SUNDAY INDEPENDENT/DUBLIN (Stephen Dodd): Trevor Grundy’s story is ultimately as sad as it is salutary. As disenchantment set in – soon for Trevor, intermittently for his parents – events took a tragic twist. His mother told him: ‘I think I made a terrible mistake . . . I think that I muddled up Mosley with Jesus.’ Suddenly adrift without the anchor of real faith in either the secular or the divine, she committed suicide. In one of her final letters, she told Trevor she thought everyone had let her down, even Mosley.
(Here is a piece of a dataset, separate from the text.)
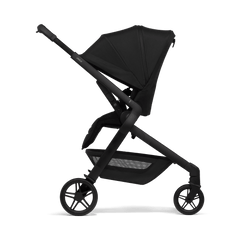 Joolz Baby Strollers Joolz Hub2 Space Black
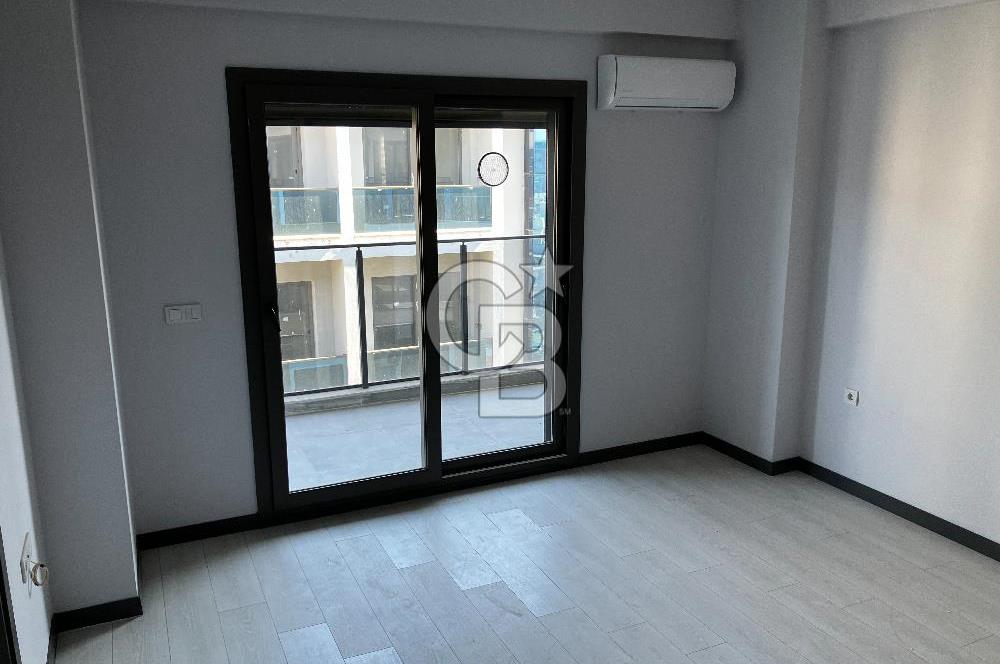Çiğli Odes Park Balatçık'ta Kiralık 1+1 Daire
JEWISH CHRONICLE: (David Nathan): It is as if someone brought up in the asylum eventually got over the wall to bring the world tales of lifelong derangements, dangerous obsessions, malevolent stupidities and the crippled soul of permanently damaged inmates. Grundy’s account of this is simply written but is clearly propelled by anger at a life so distorted. His journalistic skills are employed to great effect to produce a crisp, no-frills memoir of shocking intensity.
EVENING NEWS/EDINBURGH (Gethin Chamberlain): It is difficult not to be appalled by Trevor’s story. Although no longer a fascist, even now he will not accept Mosley, the man he worshipped as a child, was a demon.
THE TABLET (Emma Klein): Trevor Grundy first saw Oswald Mosley on a snowy night in February 1948 at the rally in Bethnal Green where Mosley’s new Union Movement was founded. He was seven and three-quarters – ‘an interesting age to meet Oswald Mosley ‘as he puts it ironically today. He recalls that his beautiful mother Edna, an ardent Mosleyite, touched her hero as he passed a gesture that seemed to imbue her with renewed strength. At the meeting, which was attended by over one thousand followers, Trevor heard the words ‘Jewish bitch.’ Next day in the playground of his primary school in North London he walked up to a pretty dark-haired girl never joined the other children for morning prayers. ‘Jewish bitch,’ he said. His life changed when he learnt about his mother’s Jewish origins. ‘It was a hand grenade that turned into a key.’
THE JEWISH QUARTERLY (Wendy Brandmark): Trevor was urged to lead the movement’s youth league but with an honesty that makes this book so compelling, he remembers his big moment in Trafalgar Square speaking to a group which seems mostly composed of hecklers. ‘The sequence was filmed in black and white without any sound and when I saw it later, it reminded me of a Charlie Chaplin film.’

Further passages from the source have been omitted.